On part de Lessay, et on fait la pause cacahuète vers 11h30 à Blainville avec Philippe Hardy qui nous présente son travail autour de la pêche durable, assis.e.s à côté du stade de foot. Bon, on devait revoir le timing et 2-3 trucs alors dans mon rôle de préparatrice d’étape, je n’ai pas tout écouté. En tous cas, au repas du midi les altercyclistes m’ont expliqué qu’il a détaillé une façon respectueuse de tuer les poissons. Ça questionne. Les avantages de ce genre de discours, pour quelle cible. Il nous a parlé des saisonnalités de la pêche, de la pêche à la ligne versus chalutier, nous a rappelé la bd de Pénélope Bagieu sur la pêche en fond marin, de sa façon de travailler en direct avec des pêcheureuses. Et il nous a parlé d’une méthode usitée par une quinzaine de cuisinier.e.s en France qu’il a découverte au Japon il y a des dizaines d’années.
Cet homme fort bien équipé pour le vélo qui a pédalé avec nous aura donc passé une pause cacahuète à nos côtés. Car « A l’alter tour, c’est pause cacahuète tous les jours, c’est la satiété, jusqu’au déjeuner lalalala » comme chanterait Quentin. Puis à midi on a été à l’école de voile d’Hauteville entre repas de folie et baignade incroyable. Car chose promise, chose due, les baignades étaient au rendez-vous dans le Cotentin : St Marcouf, Cherbourg, Portbail, Hauteville ! Puis derniers km. Une route qui n’avait pas été testée… Quelques allers retours… Moins de 4km c’est sur. Le tout qui passe en douceur grâce aux mimes d’animaux marins de nos flèches humanoïdes indicatrices de chemins et aux doux paysages traversés. Vues sur mer récurrentes, que ce soit en haut d’une côte ou le long d’une descente.

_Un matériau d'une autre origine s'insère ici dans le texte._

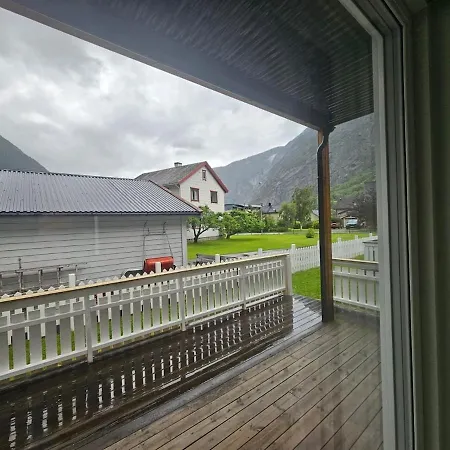 아파트 Hillegard 6e Lærdalsøyri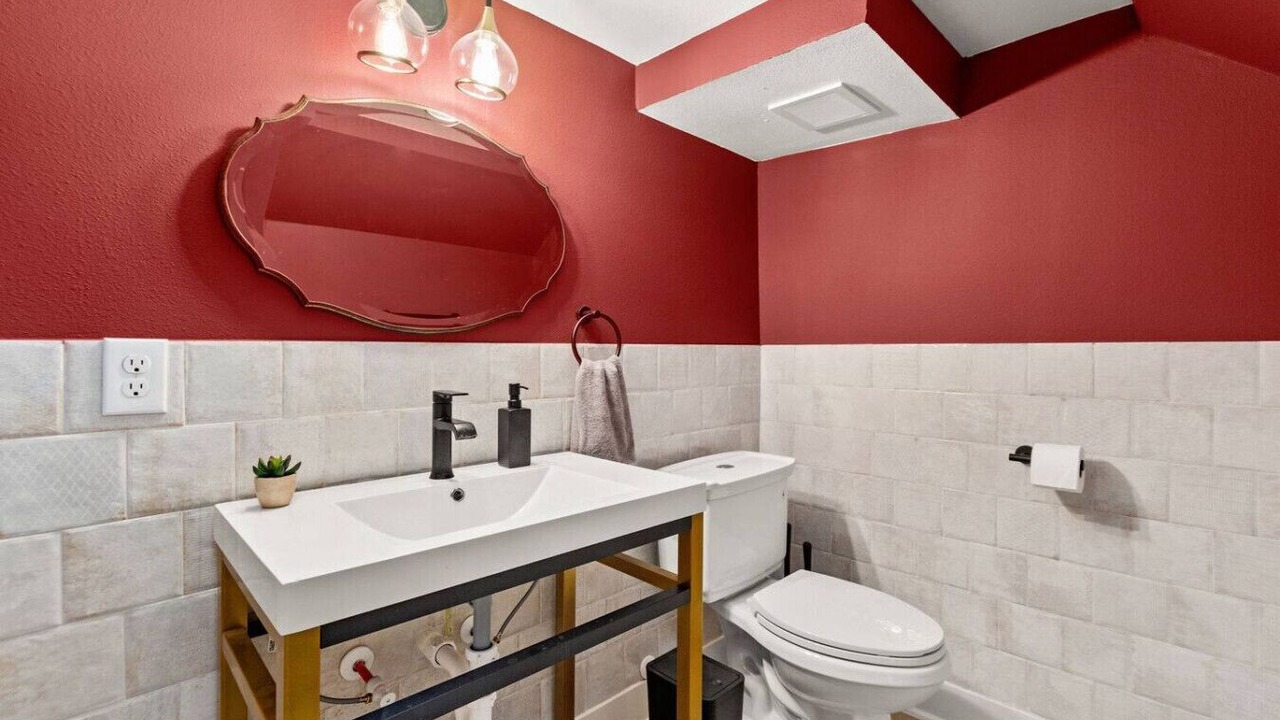 Photo of Bathroom in Midtown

Le soir on arrive à la ferme du Bois Landelle avec Carlotta en guide sur les derniers mètres. On est accueilli.e.s par les membres de l’Alter-D-Tour en grandes trombes.

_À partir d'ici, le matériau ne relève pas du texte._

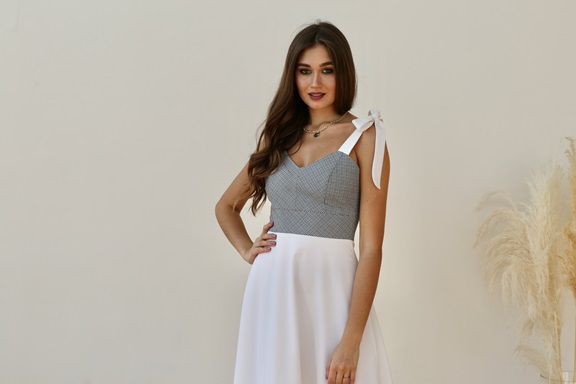 Модная женская одежда оптом: тренды лета￼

Lucie puis Willow nous font une visite express de leur ferme. Sur la ferme de 60ha, il y a 2 paysans boulangers, 1 paysanne en micro maraîchage, ancienne institutrice qui a claqué la porte pour se concentrer sur un retour à la Terre, 8 vaches et celui qui transforme leur lait en fromages que nous dégustons d’ailleurs, quelques truies avec leurs cochons. Parmi les membres, 3 d’entre elleux n’ont pas utilisé de banque pour leur installation. L’autonomie est visée. La farine est faite sur place, des circuits courts entre les différentes activités s’arrangent, un marché de producteurices du coin est organisé toutes les semaines.
Et il y a aussi un magnifique couché de soleil. Du rose, du bleu, du violet, pour un subtil mariage agrémenté de nuages. Le tout à la normande. Feu d’artifice de douceur et de joie. Une dernière journée de pédalage pour moi qui finit autour d’un verre avec Pierrot qui nous alpague pour nous confier un grand secret : voilà, c’était la première fois qu’à un ALTERTOUR il allait se présenter à l’appel des personnes partantes. Émotion émotion, lui qui vient de passer son 71ème anniversaire sur son fidèle destrier à nos côtés, et que Loulou aura entendu s’auto encourager lors des fameuses montées. Pendant que la boum bat son plein dans la yourte et que la pole dance sur bambou se fait connaître, je vide mon bol de bière à la santé du Pierrot et de cet altertour. Au clair de la lune, bonne nuit.